● Information provided
=-=-=

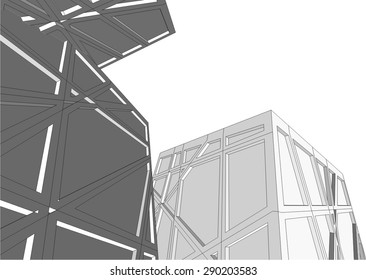 abstract modern architecture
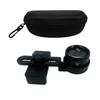 Macro Lens Adapter Clip-on Magnifier Non-slip Rubber Pad Curved Groove Clamp 1 4-inch Brass Nut Tripod Mountable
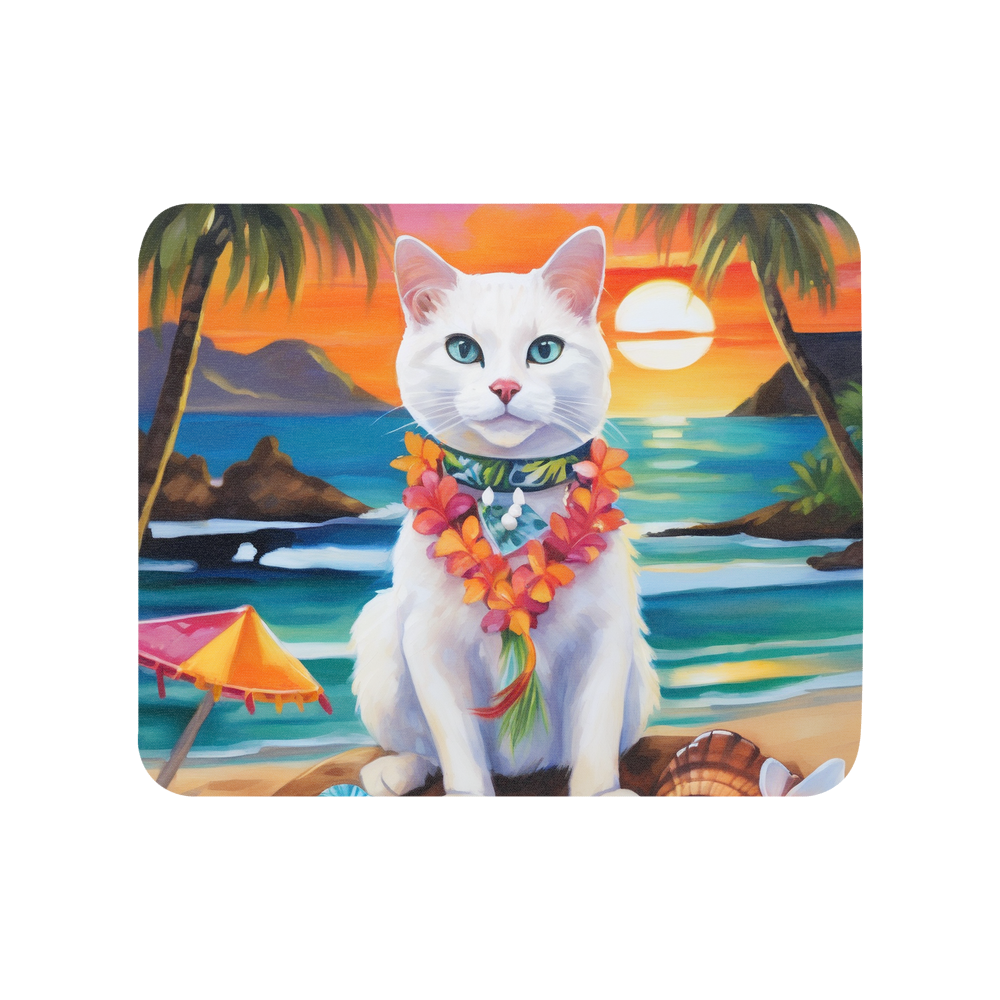 PugMug Custom White Companion Cat Mouse Pad
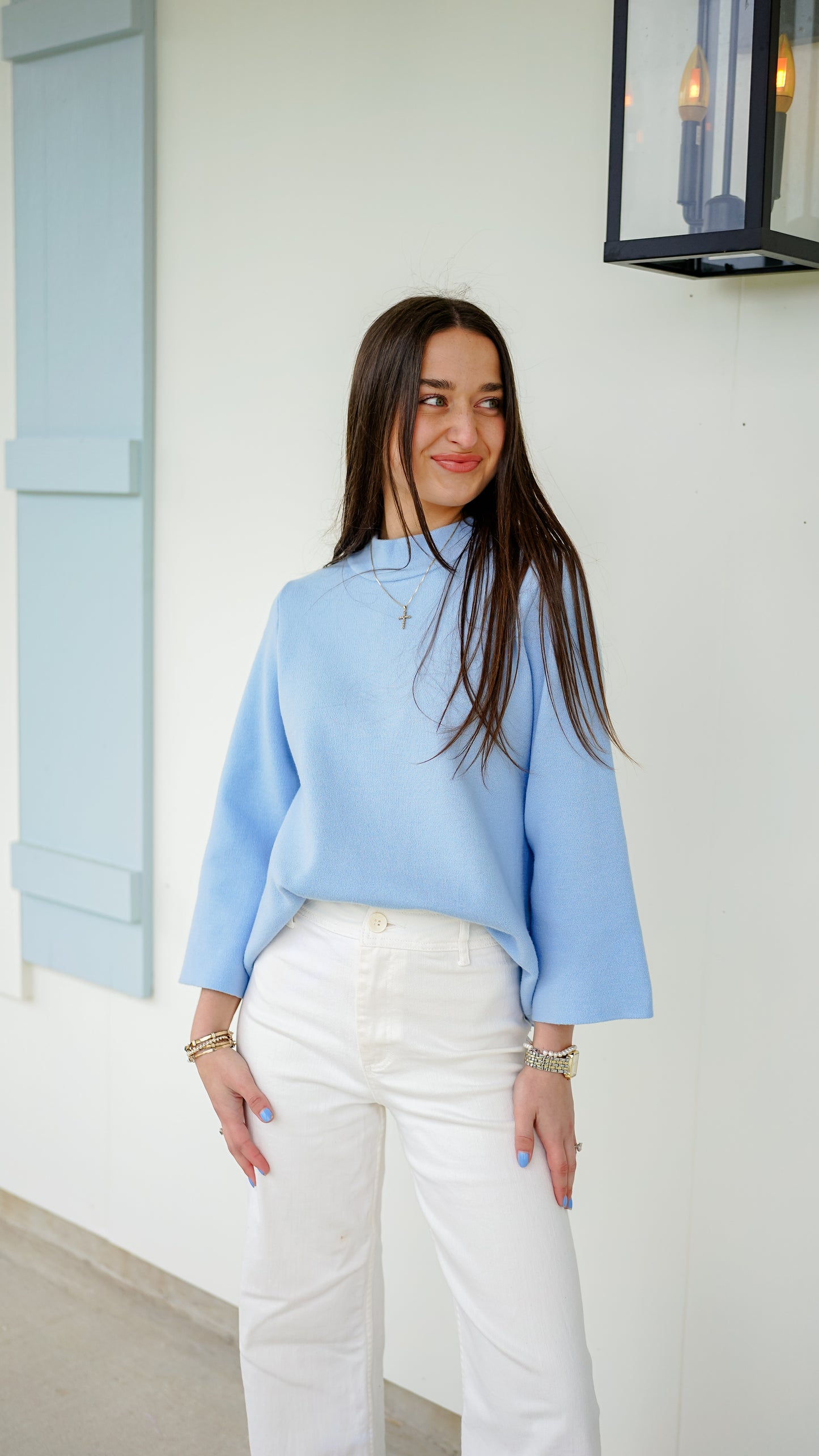 Heart and Soul Blue Sweater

=-=-=

● Your objective
The answer should consist only of the lines from the one with "PugMug Custom White Companion Cat Mouse Pad" through the last line of the material above, copied exactly, with no pictures.

● Answer to this exercise
 PugMug Custom White Companion Cat Mouse Pad
 Heart and Soul Blue Sweater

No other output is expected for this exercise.